With ultimate goals of protecting human health, eliminating a hazardous neighborhood eyesore, and making the property available for productive reuse, EPA Region 7 engaged in long-term legal negotiations with Carter Building Incorporated (CBI), which previously owned the main manufacturing building and currently owns the Willco Building at the site; and ACF Industries, Inc., whose subsidiaries Carter Carburetor Corporation and Carter Automotive Products manufactured carburetors for gasoline- and diesel-powered engines at the site.

This month, EPA’s negotiations resulted in a pair of legal settlements. An agreement with ACF Industries, Inc., of St. Charles, Mo., will result in the removal of asbestos materials from the four-story CBI Building, the demolition and removal of that same building, excavation and removal of PCB-contaminated soil from the Die Cast Area portion of the site, on-site treatment of TCE-contaminated soils at a former above-ground storage tank area, and follow-up environmental sampling to confirm the effectiveness of the cleanup activities.

The ACF settlement was approved by the U.S. Department of Justice, and on July 18, 2013, a Federal Register notice was published. Through August 18, 2013, the public may submit comments on the costs associated with the cleanup and demolition of the Carter building.
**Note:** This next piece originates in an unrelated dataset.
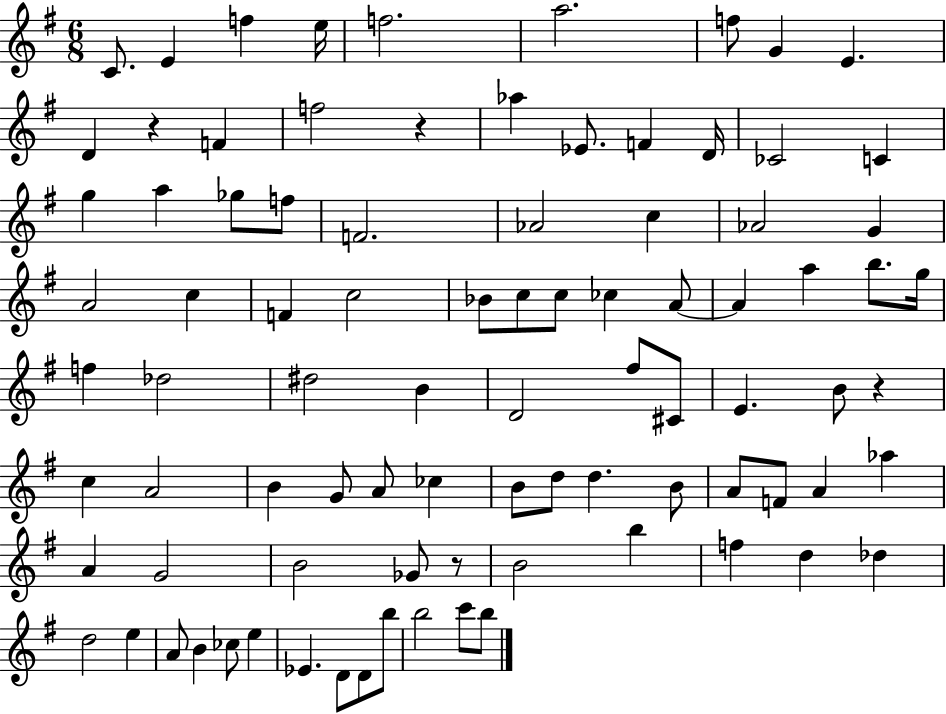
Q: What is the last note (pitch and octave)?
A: B5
Comments can be submitted online.

The U.S. Department of Justice approved a separate settlement with Carter Building Incorporated, and a similar Federal Register notice of that agreement is expected to be published soon. The CBI agreement provides for the removal of asbestos materials from the Willco Building, and either the subsequent demolition and removal of the same building or a cleanup of PCBs from the building.